I’ve encountered a strange bug. I have a kernel that sometimes seems not to get executed by clEnqueueNDRangeKernel() depending on the value for global_work_size. Stranger still, the value of global_work_size that causes the kernel not to get executed varies from time to time. Even stranger still, making seemingly insignificant changes to the kernel causes the kernel to execute reliably.
// This kernel doesn't execute if global_work_size is
// larger than some (inconsistent) number. The number
// used to be > 2M, then 491904 was too big, then
// 524288 was too big; now starting at 628864 and
// incrementing by 128 (999 times) up through 756736 is
// fine, but starting at 628992 causes all 999 calls to fail.
//
// iMac with Radeon HD 4670, Mac OS X 10.6.6
__kernel void ComputeResults(__global uint4 * results,
const uint count)
{
uint id = get_global_id(0);
if (id == 0)
{
results[0].x = count;
}
uint X[10];
// removing the for() loop and leaving X[0] = 0 fixes it
for (int i = 0; i < 1; ++i)
{
X[0] = 0;
}
// removing this assignment fixes it
// replacing count with a constant fixes it
X[count] = 0;
}
When I say “fail”, I mean that the kernel never seems to execute, tested by checking whether results[0] has been set. (I clear it with a blocking clEnqueueWriteBuffer() before each call and read it with a blocking clEnqueueReadBuffer after each call.)

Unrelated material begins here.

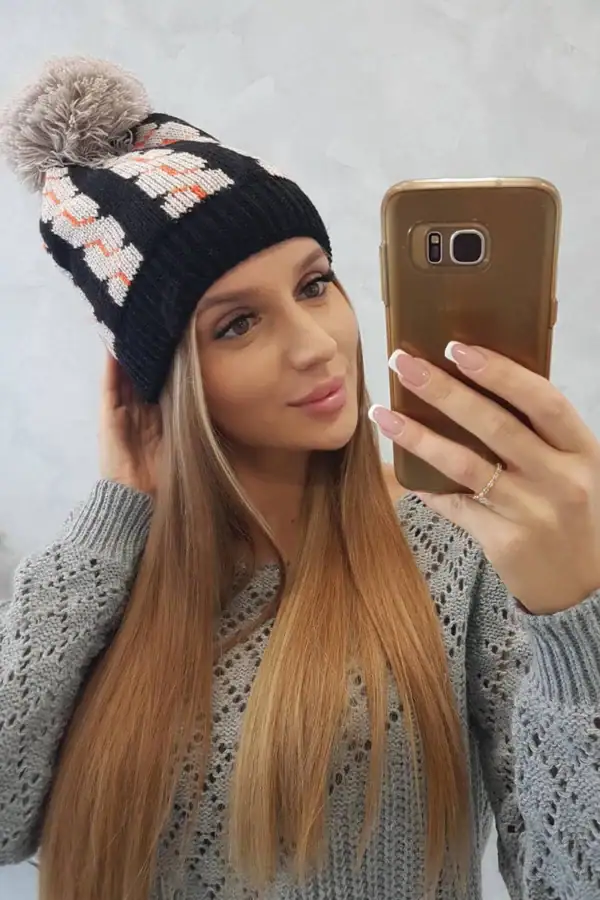 Moteriška kepurė Rozalia - spalvų pasirinkimas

But none of the function calls return any errors, emit any warnings, etc.
For reference, I’m setting work_dim to 1 and local_work_size[0] to 128. I’m always using a multiple of 128 for the global_work_size.
CL_DEVICE_MAX_WORK_GROUP_SIZE returns 1024
CL_KERNEL_WORK_GROUP_SIZE returns 128
CL_DEVICE_MAX_WORK_ITEM_SIZES[0] is 1024
Any idea what’s going on? Is there some other crucial limit that I’m missing? Or is this likely a bug in the driver?